Kurz: Seine Rede war sehr gut. Ich teile die Einschätzung zu hundert Prozent. Es war von Beginn der Union an klar, dass es sinnvoll wäre, eine gemeinsame Sicherheits- und Verteidigungspolitik aufzubauen. Dann ist jahrzehntelang nichts passiert. Vielleicht hat die Europäische Union Trump gebraucht, um diesen Schritt zu machen. In den vergangenen Monaten ist bei der gemeinsamen Verteidigungspolitik so viel geschehen wie seit Jahrzehnten nicht. Wir werden unser Ziel nur erreichen, wenn es den Wunsch zur Zusammenarbeit gibt, diese ständigen Spannungen in der Union, dieses AufeinanderHerabschauen, diese Entgleisungen in der Tonalität, wenn das endlich weniger wird.
Standard: Welche Entgleisungen meinen Sie da, zwischen Politikern oder Regierungen?
Kurz: Diese Spannungen zwischen Ost und West, zwischen Nord und Süd. Wenn man in Osteuropa den Eindruck hat, ein EU-Mitglied zweiter Klasse zu sein, dann ist das alles andere als positiv. Mir wurde im österreichischen Parlament vorgeworfen, dass ich Kontakt zu manchen Regierungskollegen in Ländern der EU pflege. Da müssen wir doch fragen: „Was soll denn das?“Das ist das Gegenteil von Einigkeit, das ist Spaltung pur.
Standard: Wie kommt man davon weg?
Kurz: Die Chance besteht, weil die Notwendigkeit noch nie so groß war, gemeinsam voranzukommen. Wenn es nicht gelingt, bei Sicherheit und Außengrenzschutz stärker zusammenzuarbeiten, werden Sicherheit und Wohlstand auf unserem Kontinent nicht mehr selbstverständlich sein.

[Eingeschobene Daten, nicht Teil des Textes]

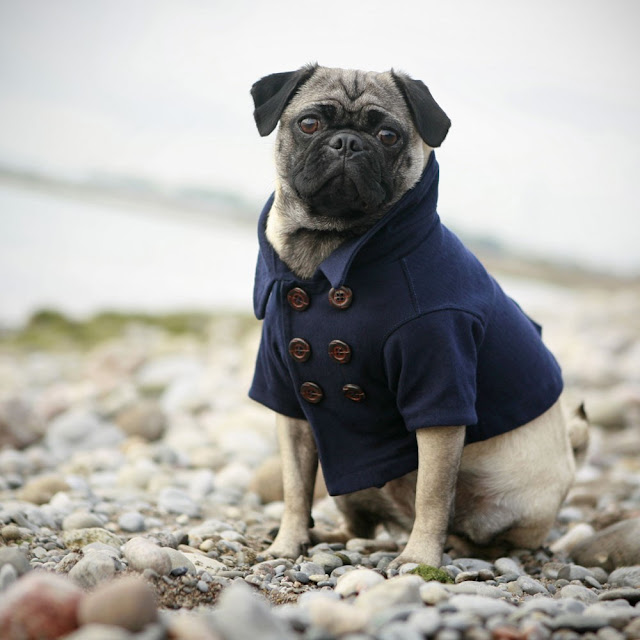 different pugs all list of different dogs breeds pug small breeds different pugs all list of different dogs breeds pug small breeds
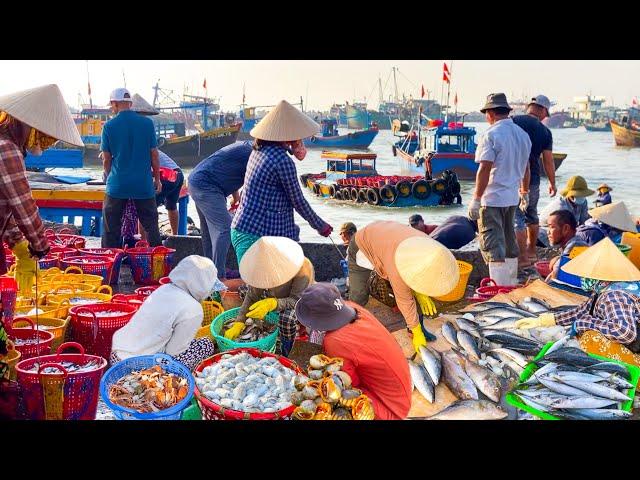 Cảng Biển Lớn Nhất Lagi Bình Thuận | Lênh Đênh Nghề Chèo Đò Bằng Chân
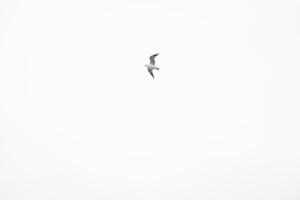 Prague en volant mouette dans hiver temps photo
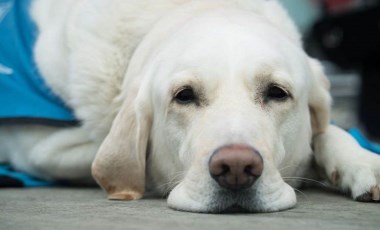 Sokak köpekleri için barınak ve çip vurgusu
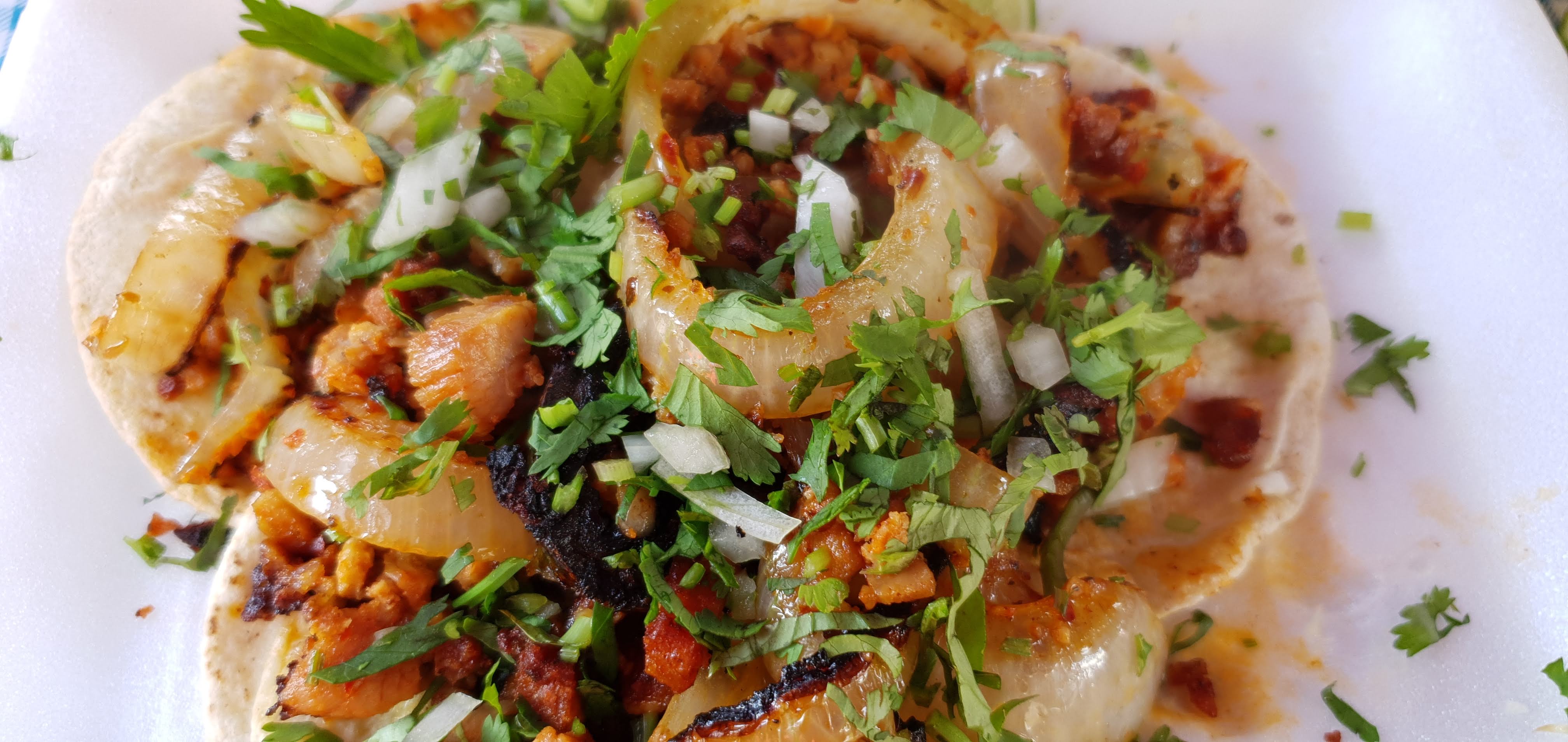 Taquería el Tizoncito image 4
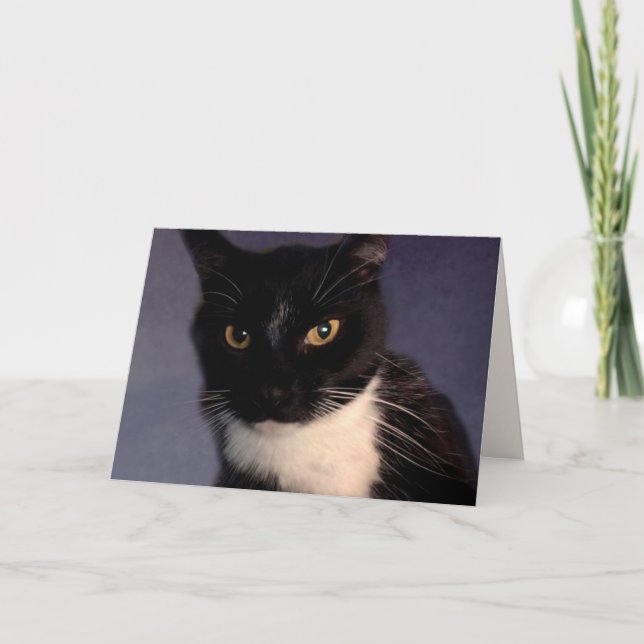 Lönsam Anpassningsbar från katten Kort (Framsida)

Standard: Es scheint unter den EU-Regierungschefs zwei Lager zu geben. Macron, Rutte, Merkel, auch Bettel aus Luxemburg, die versuchen, die Einheit zu stärken. Andere sind Dekonstruktivisten, die wollen zurück zum Nationalstaat, wie Viktor Orbán oder in Italien Lega-Chef Matteo Salvini.
Kurz: Ich halte diese Schubladisierungen für vollkommen verfehlt. Wer solche Schubladisierungen weitertreibt, der spaltet und zerstört die Union. Sie werden doch nicht glauben, dass ein Viktor Orbán oder ein Salvini kompromissfähiger werden, je mehr man von oben auf sie herabschaut. Einige der Vorschläge von Macron sind aus Deutschland abgelehnt worden. Die stärkste Unterstützung für eine gemeinsame Sicherheits- und Verteidigungspolitik kam von den Visegrádstaaten. All jene, die die Welt in gute und schlechte Europäer einteilen, sind Garant dafür, dass die Europäische Union auseinanderfällt.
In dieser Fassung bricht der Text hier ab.